Environmental groups appeal Lake Tahoe plan ruling
May 10, 2014 - 2:33 pm
RENO — Two environmental groups are appealing a federal judge’s ruling upholding a regional plan regulating development in the Lake Tahoe Basin straddling the Nevada-California line.
Earthjustice filed the appeal this week with the 9th U.S. Circuit Court of Appeals on behalf of the Sierra Club and Friends of the West Shore.
The organizations are challenging the decision April 7 by U.S. District Judge John Mendez of Sacramento, Calif., to uphold the Tahoe Regional Planning Agency’s regional plan update.
Their appeal, filed Wednesday, says the environmental impact statement on the plan failed to analyze its negative impacts on soil conservation and water and air quality.
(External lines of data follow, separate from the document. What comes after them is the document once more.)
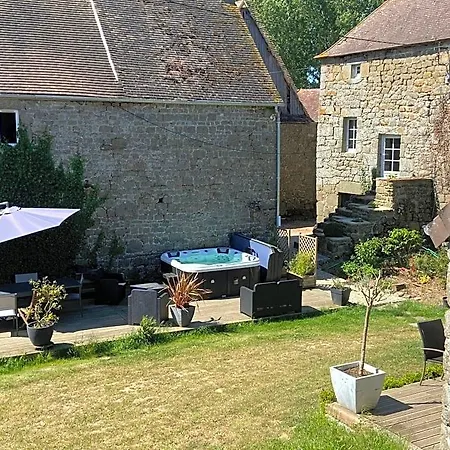 Domaine Des Tours Vauquelin 3*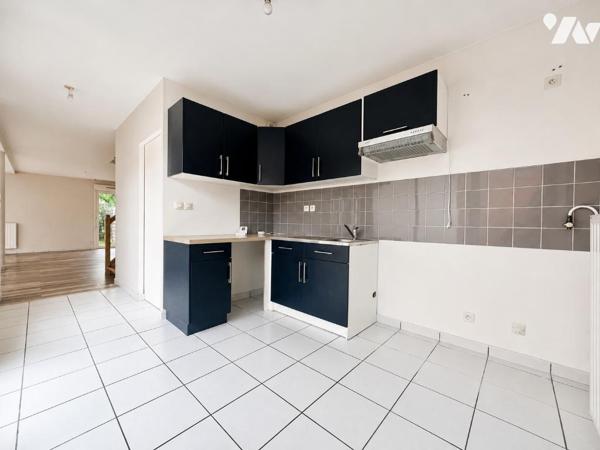 TOURS NORD 
Maison contemporaine - 91,27 m² - 3 chambres- Jardin, patio, garage et stationnements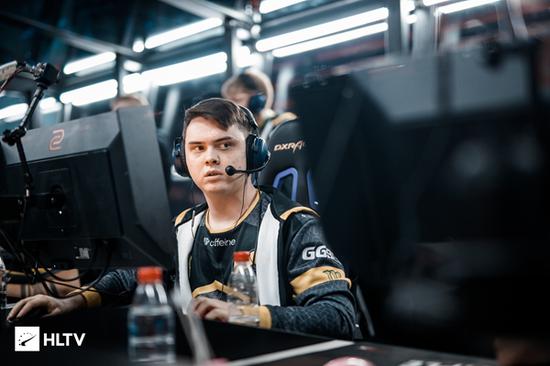 王继德分享了一张与Gugu／王多多的LPL全明星照片：“这两个人真的很帅，对吧？”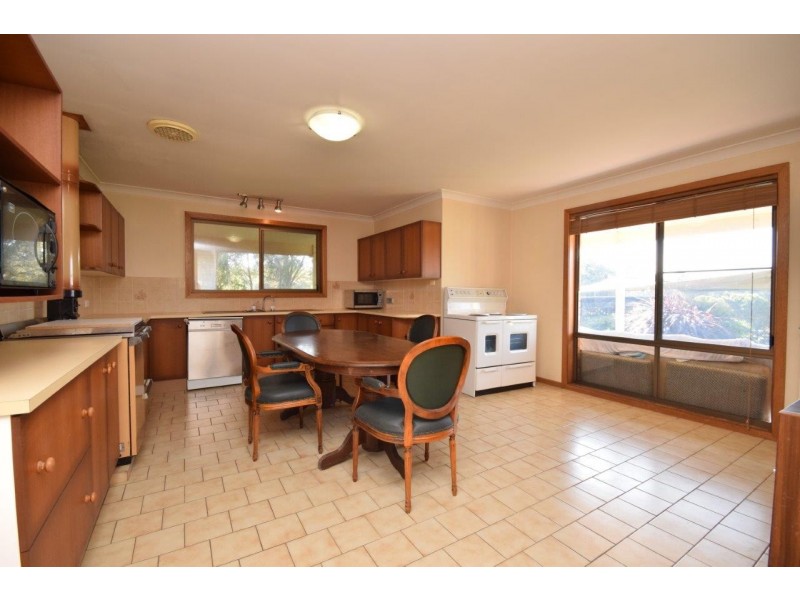 17 Greenmeadow Lane, Nowra Hill NSW 2540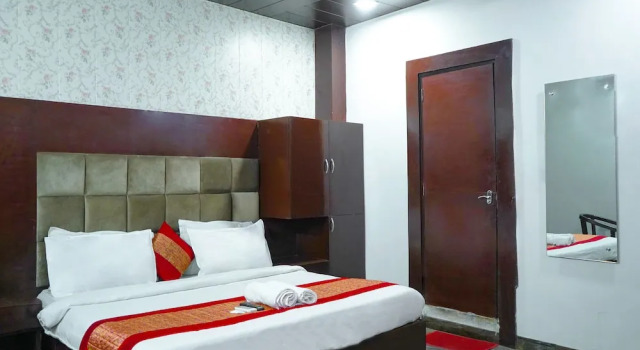 Hotel Cladis by Quadis - Sector 15 Noida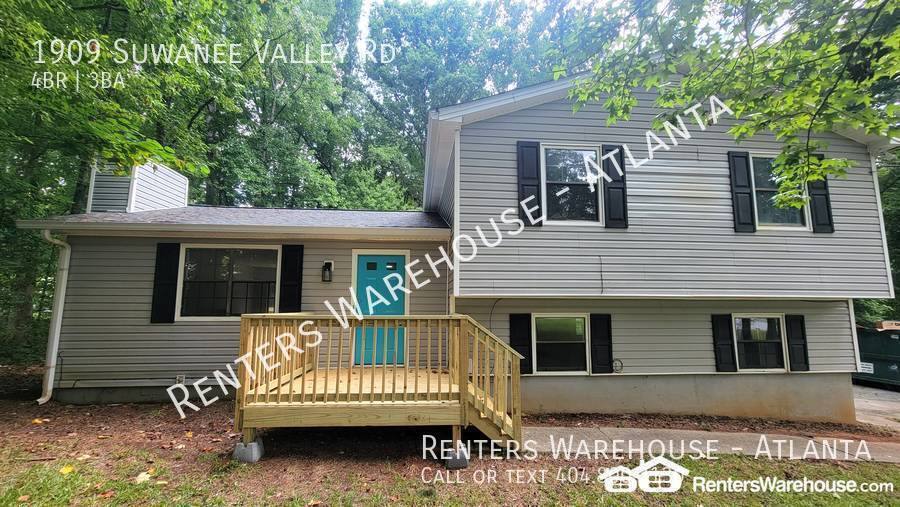 House for rent at 1909 Suwanee Valley Rd, Lawrenceville, GA 30043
It also argues that the agency made erroneous findings that the plan would protect Tahoe’s environment.
“The agency’s strange strategy to protect Lake Tahoe and its surrounding landscape from the damage caused by excessive urbanization over past decades is to promote even more development,” Earthjustice attorney Wendy Park said in a statement. “We will continue our fight to protect the lake from the misguided actions of the agency charged with protecting and restoring its environment.”
Agency officials, in a statement, said they would continue to implement the plan that took nearly a decade to complete.
“TRPA is confident the regional plan will accelerate Lake Tahoe’s restoration and support sustainable communities,” said Joanne Marchetta, the agency’s executive director. “While the appeal makes its way through the legal process, we will continue to put the substantial environmental benefits of the plan into place.”
According to the agency, the new plan authorizes less than half as much new development as the 1987 regional plan, maintains growth caps and urban boundary limits on all development, bars new high-rises, and authorizes no new hotel units.
But the two environmental groups say the plan will allow an additional 3,200 residential units and 200,000 square feet of new commercial floor space in the Tahoe Basin.
The organizations sued the agency in February 2013, only two months after the regional plan was approved with the support of a coalition of Lake Tahoe residents and legislative and business leaders.
The environmental group League to Save Lake Tahoe also backed the plan, saying it contains multiple safeguards that require restoration and environmental improvements with any new development.